Professor Veloso is working with synthetic datasets, AI, and Agents, in order to “match” the stock market and thereby gain commercial value by applying the insights. Imagine just how complex that task, to match the behavior of thousands and thousands of securities, commodities, currencies, futures, etc., and follow their microsecond by microsecond fluctuations.
Daunting, this digital stock market twin is.
Even more daunting to create, and maybe of even greater value once it exists, will be a human digital twin. Instead of the mouse model that forms the basis for much research into “the underlying processes in nature, up to possible therapies for diseases,” why not use a digital twin of the human body and have AI experiment with that?
Sure, a piece of equipment deteriorates much more predictably than a human body does (or a commodities market will gyrate much more predictably than does the body and its processes), but who isn’t up for a challenge?
The college admission essay I wrote for Yale University, way back in 1974, was on the topic of computers and medicine. The innovative physician of the future, I remember writing, would be joined at the hip to a computer of some sort, and would use her digital assistant for the routine — or sometimes not — practice of medicine.
Fast forward forty-plus years and you have what I wrote not so long ago in a piece about smart manufacturing: “Healthcare has made huge, step-function improvements across a spectrum of deadly diseases, as well as with less-deadly chronic afflictions, by harvesting this complex input [generated by physician and patient], committing the proven disease presentation – disease diagnosis – and disease treatment models to medicine’s collective memory, and then teaching the next generation of healthcare providers both the general methods and the standard protocols essential to maintaining good health and successful outcomes. Maybe, in medicine, what seems a big data environment is really just clusters and clusters of loose small data connected by the collective neural network of highly trained doctors and their colleagues.”
A human digital twin in Pittsburgh, you might ask?

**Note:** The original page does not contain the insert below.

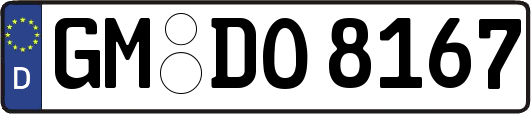 GM-DO8167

Well, beyond the world-beating work here on AI and ML at CMU it just so happens we have a certain UPMC right down the street.
“The University of Pittsburgh Medical Center (UPMC) is a $20 billion integrated global nonprofit health enterprise that has 87,000 employees, 40 hospitals with more than 8,000 licensed beds, 700 clinical locations including outpatient sites and doctors’ offices, a 3.4 million-member health insurance division, as well as commercial and international ventures. It is closely affiliated with its academic partner, the University of Pittsburgh. It is considered a leading American health care provider.”
AI-CMU-ML-UPMC. The acronyms are a mouthful. But the synergies are enormous.
From Pittsburgh, PA, thanks for reading.